- The Odal SS-rune, adopted by the BBB as its symbol.
- Other name: BBB
- Leader: Johan Schabort
- Founded: 1 June 1985
- Dissolved: November 1988 (banned)
- Country: South Africa
- Headquarters: Pretoria, South Africa
- Ideology: Neo-Nazism White supremacy
- Political position: Far-right
- Status: Inactive

= Blanke Bevrydingsbeweging =

South African neo-Nazi organisation

The White Liberation Movement (Blanke Bevrydingsbeweging, abbreviated BBB) was a South African neo-Nazi organisation which became infamous after being banned under the Apartheid regime, the first right-wing organisation to be banned as such. It regarded itself as the most far-right organisation in South Africa.

==History==
The organisation was formed in June 1985 by Professor Johan Schabort. It started as the support organisation for Schabort's Blanke Party (White Party), which existed only in name. In June 1987 the BBB went public and sought to recruit members, aiming at both Afrikaners and White British.

Its honorary leader was Theuns Stoffberg, a former member of the Greyshirts. Another notable member was Keith Conroy, an Englishman who would later become Kommandant of the AWB's 'Iron Guard'.

==Activities==
In August 1987 Schabort attended and spoke at a commemorative service for Rudolf Hess organised by the Afrikaner Weerstandsbeweging (AWB). The BBB would organise inflammatory meeting and marches. The BBB sought to link with international right-wing organisations.

The BBB ran a "blatantly racist" bilingual magazine Kommando: Stem van die Blankedom/Kommando: Voice of the White Race published by Alan Harvey. Harvey was deputy leader of the South Natal branch (its leader was Peter Smith); Harvey had previously published and edited the South African Patriot magazine in Durban, under the "Patriotic Press" imprint. This magazine carried advertisements of several far right organisations around the world, including David Duke's the National Association for the Advancement of White People, National Vanguard magazine issued by the National Alliance, Instauration magazine, the British cultural magazine Heritage and Destiny, the National Front's Nationalism Today (to which Harvey contributed both under his own name and under the pseudonym "John Humphries"), and NF News. Harvey contributed to the BBB's publication under his own name.

==Ban==
The BBB was banned, and restrictions were placed on the political activities of Schabort in November 1988, in reaction to the massacre of black South Africans in Pretoria by
Barend Strydom. This was the first time such restrictions had been placed on a right wing organisation.

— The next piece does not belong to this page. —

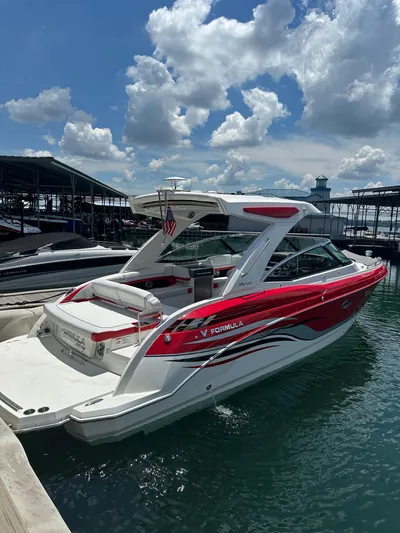  Yacht Photos Pics 2024 Formula 330 Crossover Bowrider I/O in marina, vibrant red and white design.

In banning the group, Adriaan Vlok, the Law and Order Minister, said that the group were "right-wing, fanatical extremists who favour violence to carry racism to its extreme".

In December 1988, Schabort re-launched the BBB as the Blanke Nasionale Beweging (White National Movement) under the nominal leadership of Wynand de Beer; however, as its activities were clearly the same as the BBB, it was banned at the beginning of 1989.

The government lifted the ban on the BBB in February 1990.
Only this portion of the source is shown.